For the fifth time in six weeks, Nationals players poured beer over one another and sprayed champagne to toast a victory, with Wednesday’s raucous celebration in the visitor’s clubhouse at Houston’s Minute Maid the largest and loudest of them all. The win that preceded it, a 6-2 triumph over the Houston Astros in Game 7 of the World Series, clinched Washington’s first Major League Baseball championship since 1924.

During the immediate postgame celebration, Ryan Zimmerman, the longtime face of the franchise and the Nationals’ first draft pick, promised an even bigger party when he and his teammates get back to D.C. The parade is set for Saturday. The revelry might continue until pitchers and catchers report.

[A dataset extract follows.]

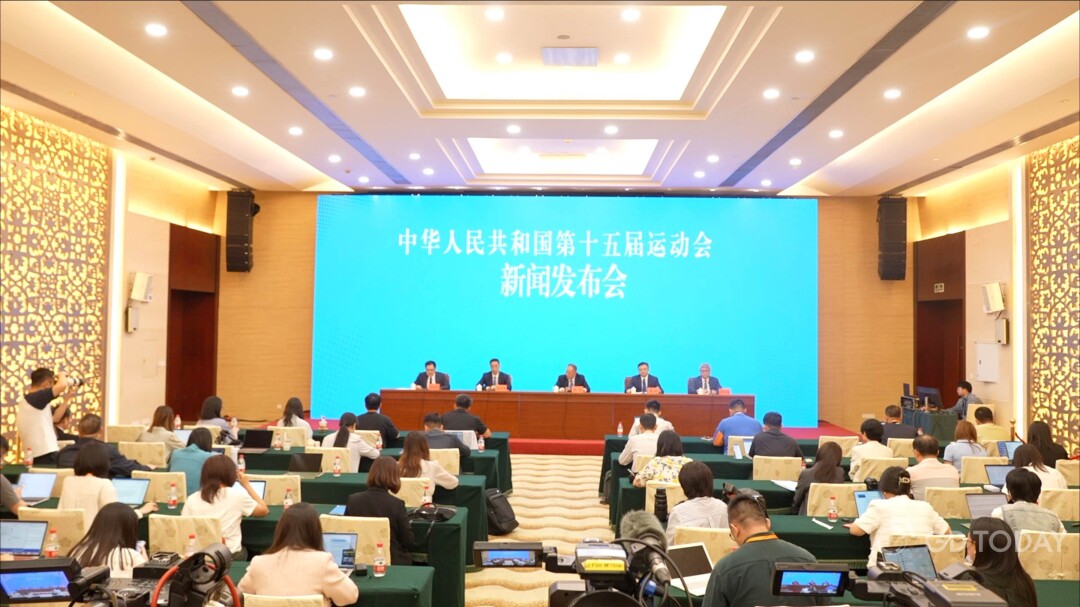 曼伸出橄榄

“I hope you’re ready for us to come home,” Zimmerman said, “because it’s going to be absolutely bananas.”

“Absolutely bananas” is an apt description for the Nationals’ season, which saw Dave Martinez’s squad fight back from 12 games under .500 in late May to a wild-card berth and then go 5-0 in elimination games during the playoffs.

The World Series trophy, a laughable goal for much of the year, was rolled into the soon-to-be-soaked Nationals clubhouse during the bottom of the eighth inning, with Washington leading 4-2 and Patrick Corbin still throwing his third scoreless inning of relief. There would be no jinx. After the Nationals added a couple insurance runs in the top of the ninth, Daniel Hudson retired the Astros in order, striking out Michael Brantley for the final out to officially kick off the celebration.

“These guys, they battled, it didn’t matter,” an ecstatic and emotional Max Scherzer, who got the start for the Nationals and allowed two runs in five innings, told Fox’s Ken Rosenthal shortly after the celebration began. “It was stay in the fight. That was our motto. It was the next guy up. Everybody gave it their all. … We took it all the way and we won the whole thing.”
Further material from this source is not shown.